The push to approve spot Ethereum (ETH) ETFs for trading is intensifying, with the focus now on the S-1 forms. Following the approval of the 19b-4 forms on May 23, the next crucial step is for the S-1 forms to become effective. Since the SEC’s approval came unexpectedly, the necessary S-1 forms were not pre-prepared. However, progress is now being made.
A source told The Block that while the seed investment details are straightforward for issuers to include, other aspects of the S-1 forms might take longer to address. They anticipate that the S-1 forms will undergo at least two more rounds of drafts before being ready for approval.
Analysts expect the turnaround for the S-1s to take a few weeks, potentially extending to a few months if the process proceeds slowly. Some traders view the delay as potentially beneficial, allowing for a thorough review and solid preparation.
The rapid action by VanEck and BlackRock demonstrates the urgency and importance of this development within the crypto industry. The approval of spot Ethereum ETFs follows a similar trajectory to that of Bitcoin ETFs, which saw significant interest and approval earlier this year. The SEC’s willingness to engage and provide feedback indicates a growing acceptance of crypto-based financial products, albeit with cautious and rigorous oversight.
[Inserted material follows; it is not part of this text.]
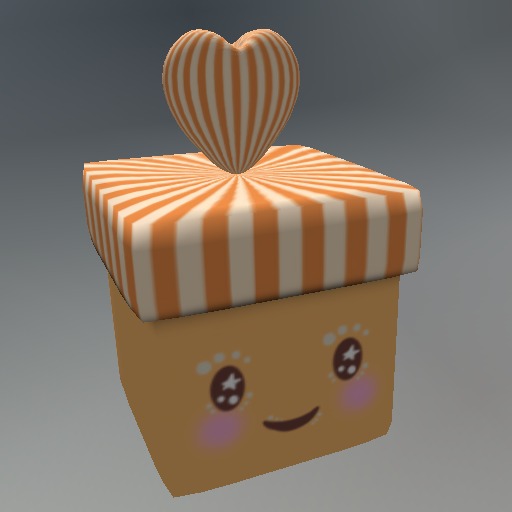 Cute Orange Square Heart Giftbox box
The SEC’s request and the subsequent actions by major financial players signal a pivotal moment for Ethereum ETFs. As the approval process continues, market participants and analysts will closely watch the SEC’s comments and the amendments made by issuers. The successful launch of these ETFs could further legitimize Ethereum as a mainstream investment asset, potentially paving the way for additional crypto ETFs in the future.